Transient thermal analysis of a bi-layered composites with the dual-reciprocity inclusion-based boundary element method
Chunlin Wu, Liangliang Zhang, Tengxiang Wang, Huiming Yin
TL;DR
This work develops a three-dimensional dual-reciprocity inclusion-based boundary element method (DR-iBEM) to analyze transient and time-harmonic heat transfer in bi-layered composites containing ellipsoidal inhomogeneities. It combines bimaterial Green's functions with Eshelby-inspired eigen-field representations (ETG and EHS) to enforce interfacial continuity without interior meshing, enabling efficient boundary-only simulations and reduced system size. The approach is validated against FEM for both homogeneous bimaterials and inhomogeneous configurations, and extended to functionally graded materials to study gradation effects on average and local thermal fields. The results demonstrate robust accuracy, substantial computational savings, and applicability to FGMs with complex microstructures.
Abstract
This paper proposes a single-domain dual-reciprocity inclusion-based boundary element method (DR-iBEM) for a three-dimensional fully bonded bi-layered composite embedded with ellipsoidal inhomogeneities under transient/harmonic thermal loads. The heat equation is interpreted as a static one containing time- and frequency-dependent nonhomogeneous source terms, which is similar to eigen-fields but is transformed into a boundary integral by the dual-reciprocity method.
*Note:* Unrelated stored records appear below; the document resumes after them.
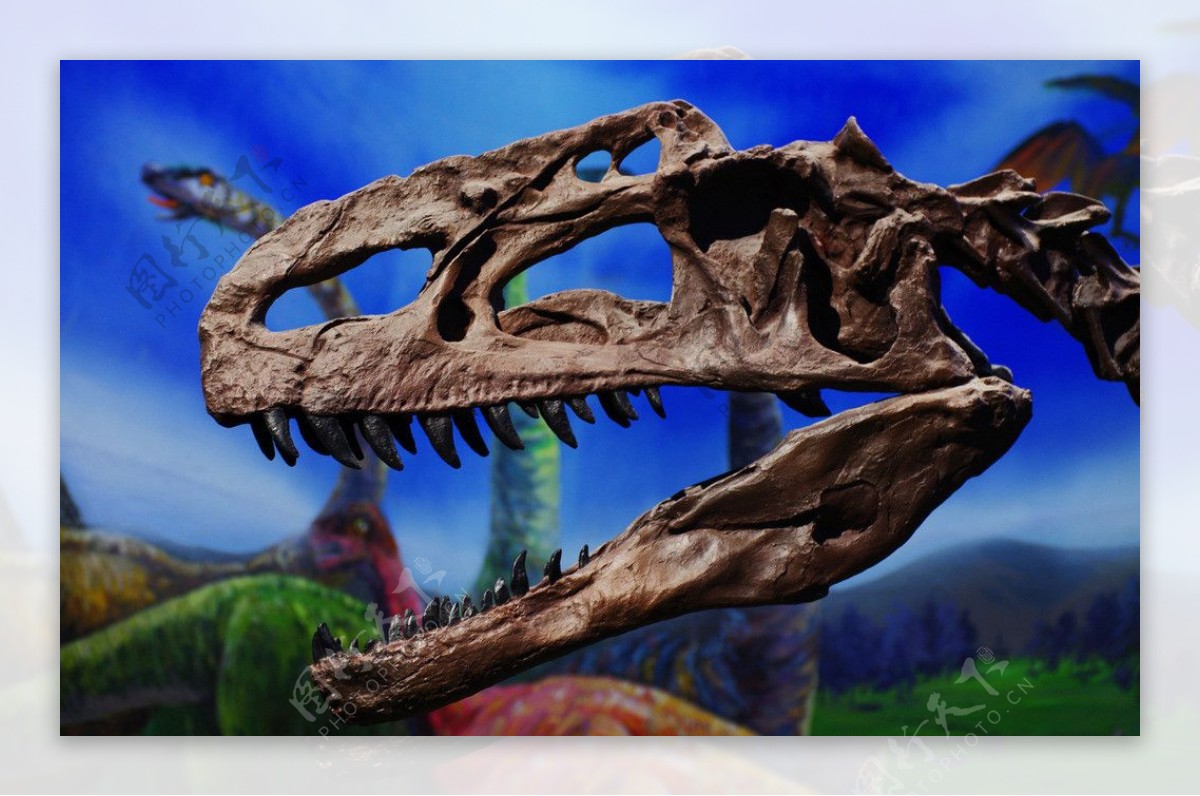 单脊龙头骨化石图片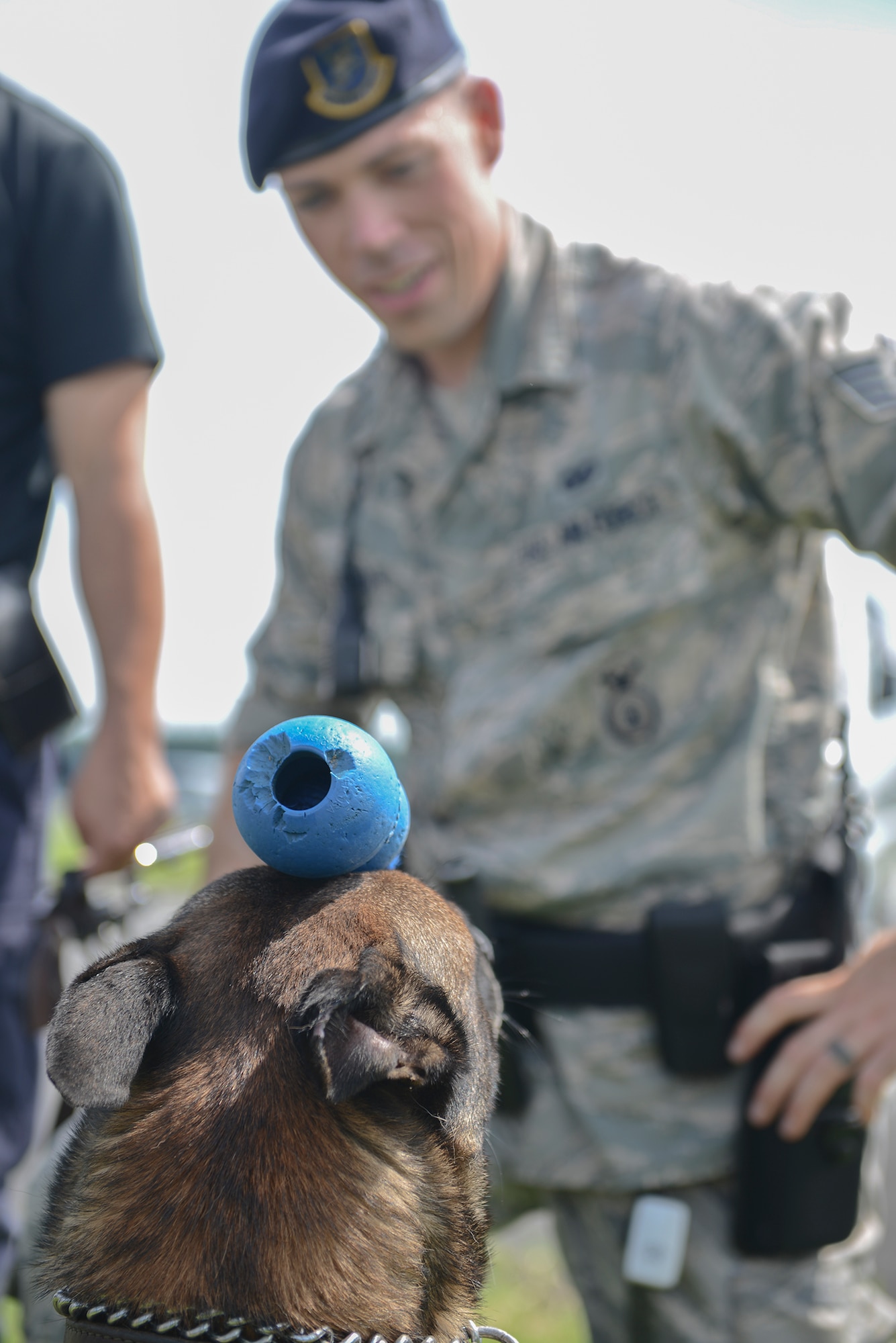 Topa, 374th Security Forces Squadron military working dog, balances a kong on his head at Yokota Air Base, Japan, July 24, 2015. The toy is used to reward Topa for good practices and behaviors and to show his discipline during demonstrations. (U.S. Air Force photo by Airman 1st Class David C. Danford/Released)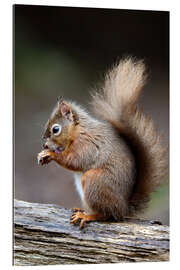 Gallery print Grooming in the forest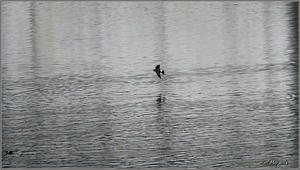 イワツバメ　湖上を飛び交う（動画） - 野鳥の素顔　＜野鳥と日々の出来事＞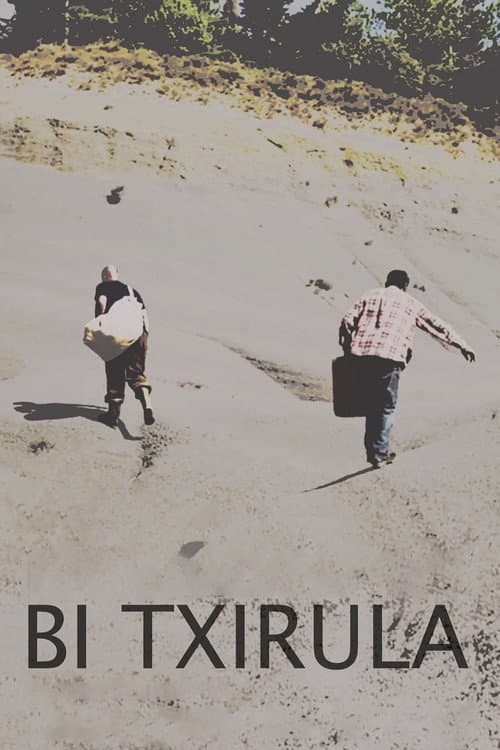 Bi txirula (2017) poster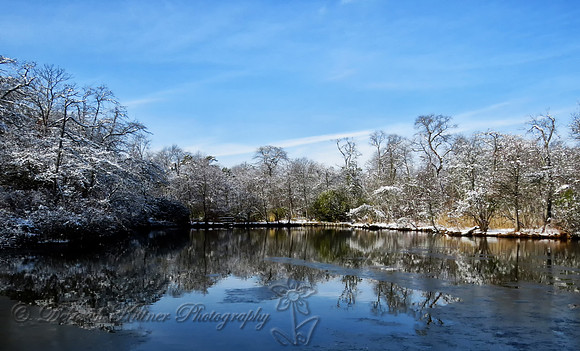 Winter Reflection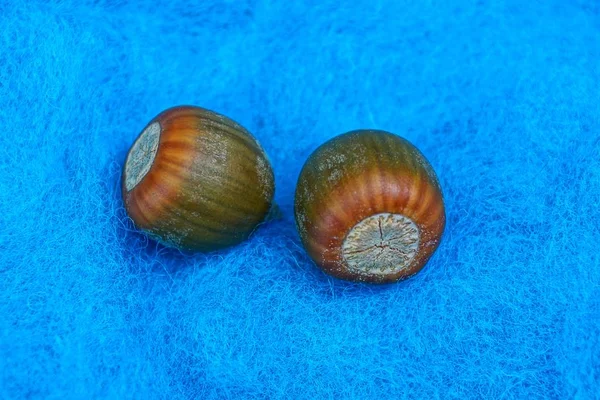 Dos Bellotas Marrones Yacen Sobre Paño Azul — Foto de Stock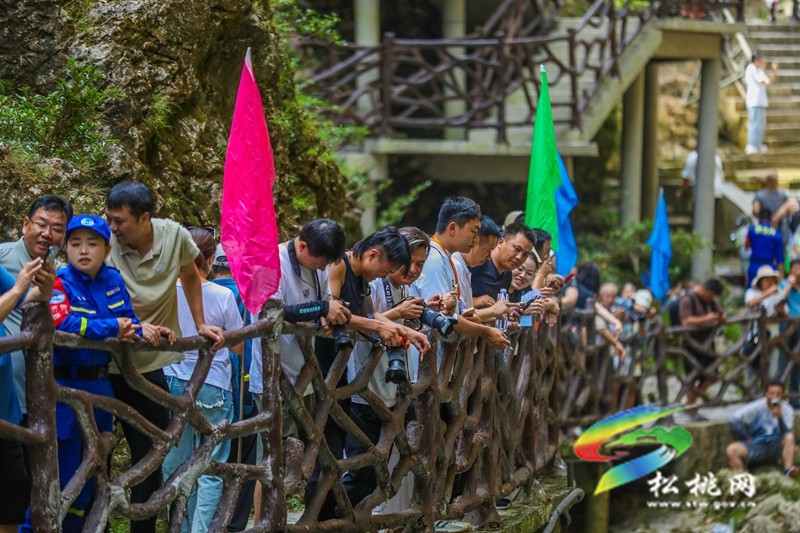 松桃：飛槳濺浪！花式皮劃艇漂流賽“超燃”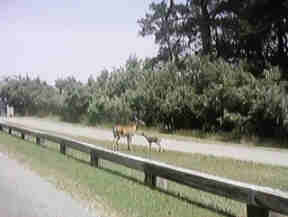 Mother and Baby Deer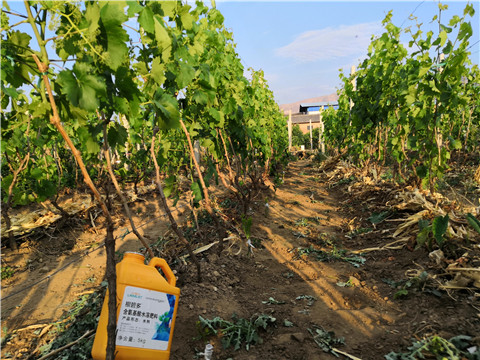 生根劑，微生物菌劑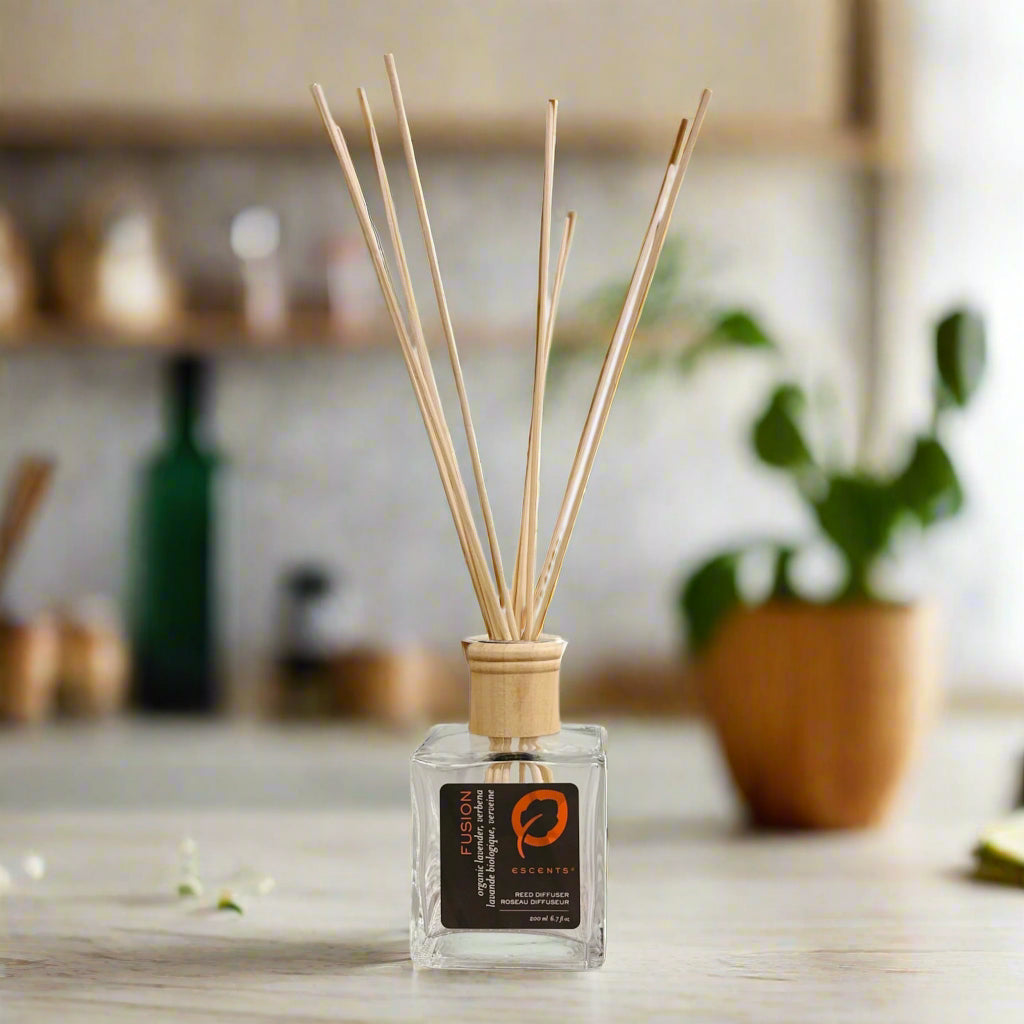 Reed Diffuser - Fusion (modified) - Escents Aromatherapy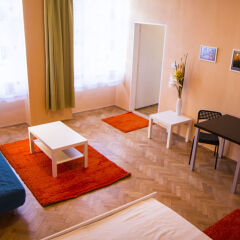 Апартаменты Lidicka Apartments комната для гостей фото 5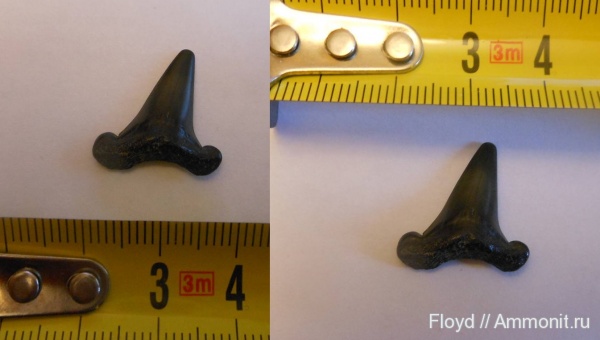 зубы акул, shark teeth
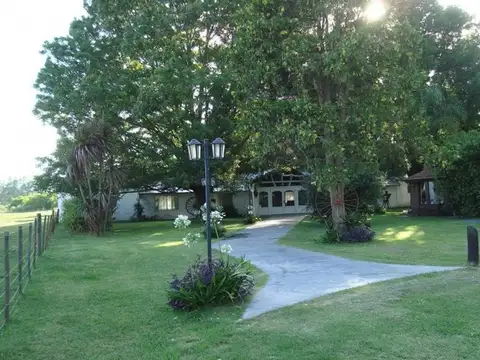 Achaval Y La Adelaida 1 Coronel Brandsen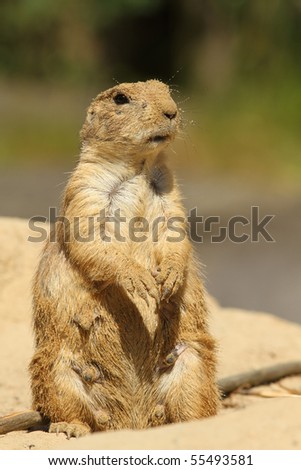 Prairie dog covered with sand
Using the steady-state bimaterial Green's function, boundary integral equations are proposed to take into account continuity conditions of temperature and heat flux, which avoids setting up any continuity equations at the bimaterial interface. Eigen-temperature-gradients and eigen-heat-source are introduced to simulate the material mismatch in thermal conductivity and heat capacity, respectively. The DR-iBEM algorithm is particularly suitable for investigating the transient and harmonic thermal behaviors of bi-layered composites and is verified by the finite element method (FEM). Numerical comparison with the FEM demonstrates its robustness and accuracy. The method has been applied to a functionally graded material as a bimaterial with graded particle distributions, where particle size and gradation effects are evaluated.